Możesz zacząć szukać projektu typowego pod kątem warunków działki i własnych preferencji co do przyszłego domu
Warto rozejrzeć się za architektem, który zaadaptuje projekt gotowy lub narysuje projekt indywidualny.
Oraz zwrócić się do dostawców mediów o warunki techniczne (ale to już raczej z gotową mapą do celów projektowych).

----------


## fcmatpol

Dziękuje Bejaro za podpowiedź, właśnie o coś takiego mi chodziło.  Już teraz chciałbym coś zacząć robić, niewielkimi krokami ale by prace szły do przodu.  Zastanawiałem się nad projektem, w którym momencie udać się do architekta.  Zabezpieczenie  w wode projektowanym przyłączem z gminnej sieci wodociagowej na warunkach określonych przez dostawcę, odprowadzenie nieczystości podobnie,  z energią również.  Czyli geodecie można w tym momencie już zlecić mapę?

----------


## marchew

Dobrze jeszcze przed projektem zrobić badania geologiczne.

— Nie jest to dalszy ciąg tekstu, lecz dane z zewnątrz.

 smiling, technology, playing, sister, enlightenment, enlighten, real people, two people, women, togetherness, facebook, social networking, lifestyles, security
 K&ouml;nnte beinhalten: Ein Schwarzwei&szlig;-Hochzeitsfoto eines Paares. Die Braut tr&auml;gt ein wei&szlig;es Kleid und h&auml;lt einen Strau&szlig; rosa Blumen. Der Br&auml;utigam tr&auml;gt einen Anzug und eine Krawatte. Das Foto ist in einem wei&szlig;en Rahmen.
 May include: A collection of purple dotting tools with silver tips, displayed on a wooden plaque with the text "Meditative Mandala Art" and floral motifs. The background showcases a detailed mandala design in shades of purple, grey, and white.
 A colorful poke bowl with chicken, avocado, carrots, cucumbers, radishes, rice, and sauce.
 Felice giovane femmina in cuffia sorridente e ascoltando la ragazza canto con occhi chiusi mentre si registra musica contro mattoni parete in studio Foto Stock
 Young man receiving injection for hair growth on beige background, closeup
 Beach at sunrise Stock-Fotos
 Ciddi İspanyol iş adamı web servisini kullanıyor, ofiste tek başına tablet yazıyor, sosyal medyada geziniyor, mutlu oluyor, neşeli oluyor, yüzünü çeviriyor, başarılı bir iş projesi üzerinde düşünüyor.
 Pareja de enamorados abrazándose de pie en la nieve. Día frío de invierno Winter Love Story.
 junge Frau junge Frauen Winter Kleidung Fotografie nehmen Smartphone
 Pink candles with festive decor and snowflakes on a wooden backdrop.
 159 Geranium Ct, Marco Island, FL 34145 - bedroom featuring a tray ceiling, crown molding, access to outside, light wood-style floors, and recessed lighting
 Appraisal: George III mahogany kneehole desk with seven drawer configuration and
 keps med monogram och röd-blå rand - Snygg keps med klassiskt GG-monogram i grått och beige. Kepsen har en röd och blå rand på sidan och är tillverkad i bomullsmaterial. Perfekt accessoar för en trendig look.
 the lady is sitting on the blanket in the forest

O ile nie zrobiłeś przed kupnem.

----------


## Bejaro

> Dziękuje Bejaro za podpowiedź, właśnie o coś takiego mi chodziło.  Już teraz chciałbym coś zacząć robić, niewielkimi krokami ale by prace szły do przodu.  Zastanawiałem się nad projektem, w którym momencie udać się do architekta.  Zabezpieczenie  w wode projektowanym przyłączem z gminnej sieci wodociagowej na warunkach określonych przez dostawcę, odprowadzenie nieczystości podobnie,  z energią również.  Czyli geodecie można w tym momencie już zlecić mapę?


Ja na mapę czekałam, około 2 mce. wazna jest chyba 2 lata-przynajmniej w moim starostwie,warunki masz na siebie to spoko dość długo trwa nie tyle wykonanie projektu zjazdu,co jego uzgodnienia,ale ten projekt możesz robić dopiero jak zdecydujesz jak posadowić  dom na działce-czyli wybór projektu tak czy siak-chyba że indywidualny to wtedy arch. załatwi wszystko razem (mapa musi być w kazdym przypadku)

----------


## Bejaro

Jeszcze jedno piszesz że kupiłeś działkę budowlaną-rozumiem że takie oznaczenie jest w KW i Wypisie z rej.gruntów, bo jezeli nie to jeszcze odrolnienie.

----------


## fcmatpol

Bejaro, jeśli chodzi o działkę to z nią jest wszystko w porządku. Działka przeznaczona  pod zabudowę mieszkaniową jednorodzinną.  Nie jest z nią nic takiego co by uniemożliwiało budowę. Wszystko posprawdzane. Dziękuję za pomoc, z pewnością się przyda. Zasięgałem języka wśród znajomych posiadających domy ale wszystkie ich rady brzmiały tak zawile jak..... ustępy w biblii.  Właśnie jestem po kontakcie z geodetką ( siostra poprzedniej właścicielki działki) która zanim podpisałem akt notarialny oferowała swoje usługi, mam też znajomego architekta który pracuje  w starostwie i oferuje dość szybko zgodę na budowę. Zanim się jednak do nich udam, chciałem uzyskać troszkę wiedzy z zewnątrz, tak by nie wyglądało na to że jestem  całkiem zielony w tych sprawach  :Smile: )))

----------


## GraMar

Czy znasz dokładne wymiary działki?
Czy znasz warunki zabudowy i jest tam określona linia zabudowy, warunki dot np kształtu, koloru, wysokości budynku?
Czy drzewa na działce trzeba usunąć-potrzebne jest zezwolenie samorządu.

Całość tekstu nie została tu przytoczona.